Wednesday, September 7, 2011

A Palestinian State, Arafat's Dream But Then What?


by Dan Aridor
September 7, 2011 at 4:30 am

HUDSON NEW YORK


Having a state is not the end game of Palestinian leadership; it is just a major stepping stone. Former Palestinian Chairman Yassir Arafat and his successor, President Mahmoud Abbas, could already have had a Palestinian state a decade ago, thanks to generous offers of Prime Ministers Ehud Barak in 2000, and Ehud Olmert in 2008, to establish one and end the conflict Arafat's goal, however, was to have a state while continuing the conflict with Israel on four major issues: the refugees, the borders, Jerusalem and demilitarization.

The so called "right of return" for the refugees would mean the end of Israel as a Jewish state, demographically flooded, as it would then be, by non-Jews.

The return to 1949 armistice lines would mean a return to indefensible borders, once again only serving as an invitations for surprise attacks, as happened until Israel finally repelled attacks by Jordan Syria and Egypt during the Six Day War in 1967, and took over control of Judea, Samaria and Jerusalem .

Jerusalem has been the central city for the Jewish people both spiritually and physically for 3,000 years, despite attempts throughout history to dislodge and disperse them. To the Jews, Jerusalem has not only been their historical sovereign capital city since 1000 B.C.; it has also since then, been their holy city, , as the Vatican is to the Roman Catholics, and as Mecca and Medina are to the Muslims. .

Palestinian objections to demilitarize their future state would mean that a surprise attack against Israel could always be an option, a situation unacceptable to the Israelis, as it would be to anyone else..

After achieving statehood, , aided by international pressure and de-legitimization campaigns from Europe and the Arab states, the Palestinian leadership, will most likely escalate the friction with Israel over these broad issues, as well as start to blame Israel for the lack of a final status agreement. The daily friction, as seen in daily terror and rocket attacks, will only lead to escalating military clashes.

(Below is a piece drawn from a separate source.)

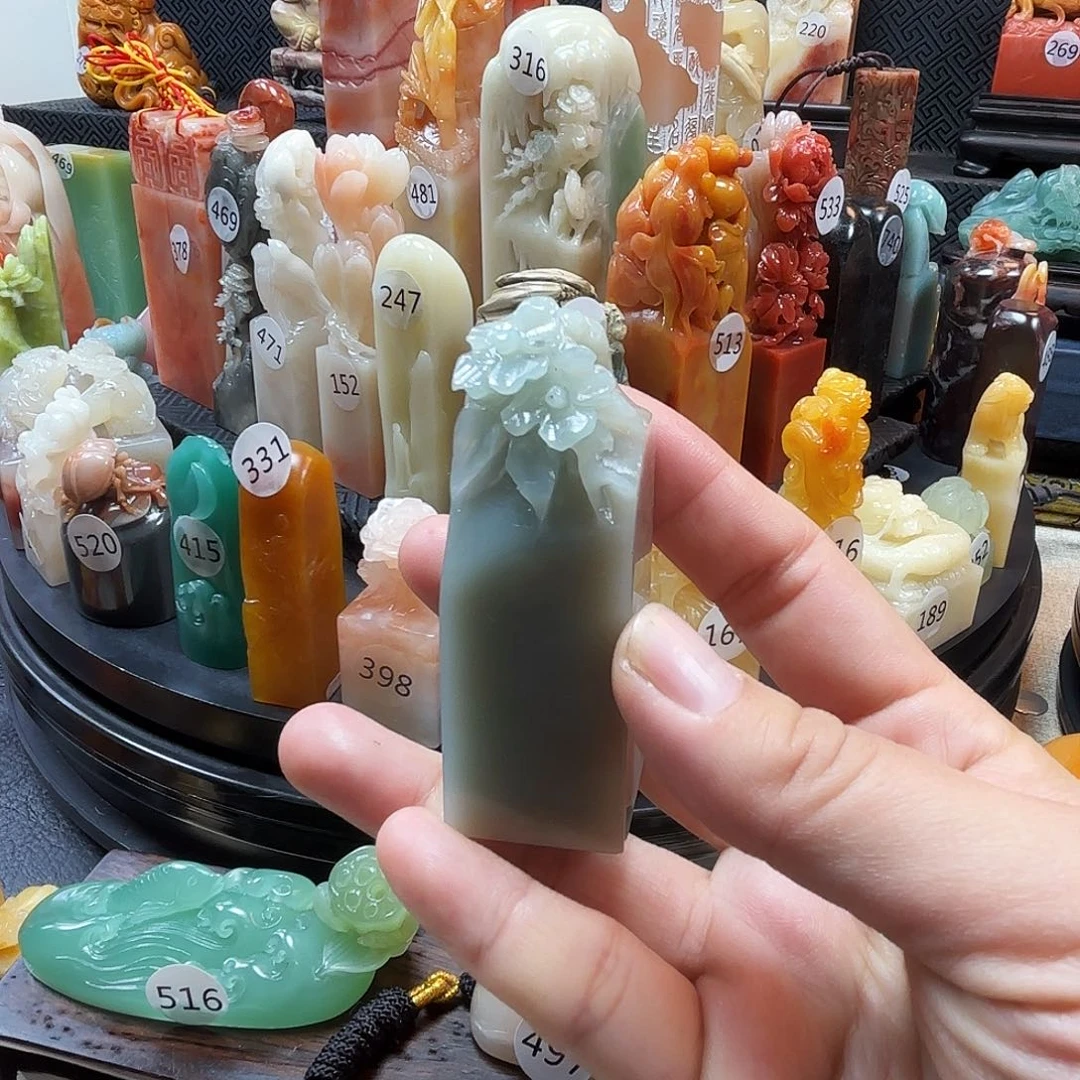 寿山石印石海棠花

This is not an extreme scenario; it is already happening., For over a decade, Israeli's southern towns have been – and still are -- under assault from thousands of rockets. A recent and painful reminder, which left eight Israelis dead, occurred only the other week ,when, after crossing the Sinai Desert from Egypt, Hamas terrorists attacked Israel, targeting civilians. When the Israelis responded by targeting the masterminds of the terror attack, the answer was a barrage of more than 100 rockets fired on Israeli cities and towns.

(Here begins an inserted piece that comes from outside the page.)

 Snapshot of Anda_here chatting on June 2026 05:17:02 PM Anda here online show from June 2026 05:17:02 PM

The Hamas was sending a clear message to Israel: Any retaliation against Hamas would be met by a bombardment against Israeli civilians.

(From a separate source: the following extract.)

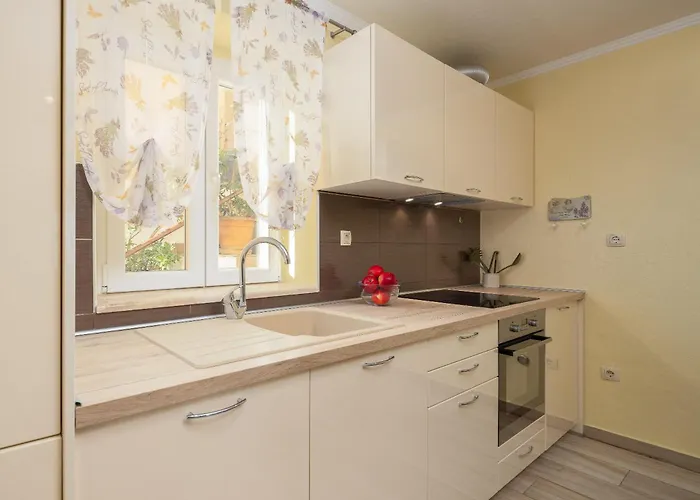 Perla - 2 Min To The & Free Parking Makarska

Israel, not wanting to escalate matters further and risk a costly and prolonged military action, instead chose a cease-fire.

Understanding Israel's dilemma, various Hamas factions -- with or without Hamas's approval – nevertheless continued sporadic firing into Israeli civilian centers. As a result, missiles from Gaza still continue to be exploded in the towns of southern Israel.

One can only imagine what will happen when a Palestinian state, backed by Iran, will launch attacks directly or indirectly on, for example, Sderot and other urban centers inside Israel. The Palestinians leadership will claim that they are unable to stop all factions, or else that their attacks were in retaliation for some Israeli injustice. The Israel Defense Force will be limited --again – by international pressure from protecting Israeli citizens.

In the so-called peace process, there is constant pressure on Israel to give up historical lands, thereby releasing control of its security to terrorist organizations. These lands ,called "The Auschwitz Borders" by the late, left-wing foreign minister, Abba Eban, will be a launching platform for further attacks on Israel.

This situation is the fulfillment of Arafat's dream: the Phased Plan he laid out 1974: to destroy Israel step by step, taking whatever land the Palestinians could get, and using that as the platform from which to get the next-- with no end to the conflict, until all the land "from the [Jordan[ river to the [Mediterranean] Sea," as the Palestinian Authority Minister for Jerusalem Affairs, Faisal Husseini, put it, would be under Palestinian control.

Now,, however, the stakes are higher: There might be the expectation in Israel, that Gaza's allies from Lebanon Judea and Samaria --not to mention Iran & Syria -- should also be taken into consideration.

A Palestinian state is not a remedy for peace; it is a base for war. No one should feign surprise when it happens.
Dan Aridor, a graduate of Columbia Business School, is a businessman based in Israel.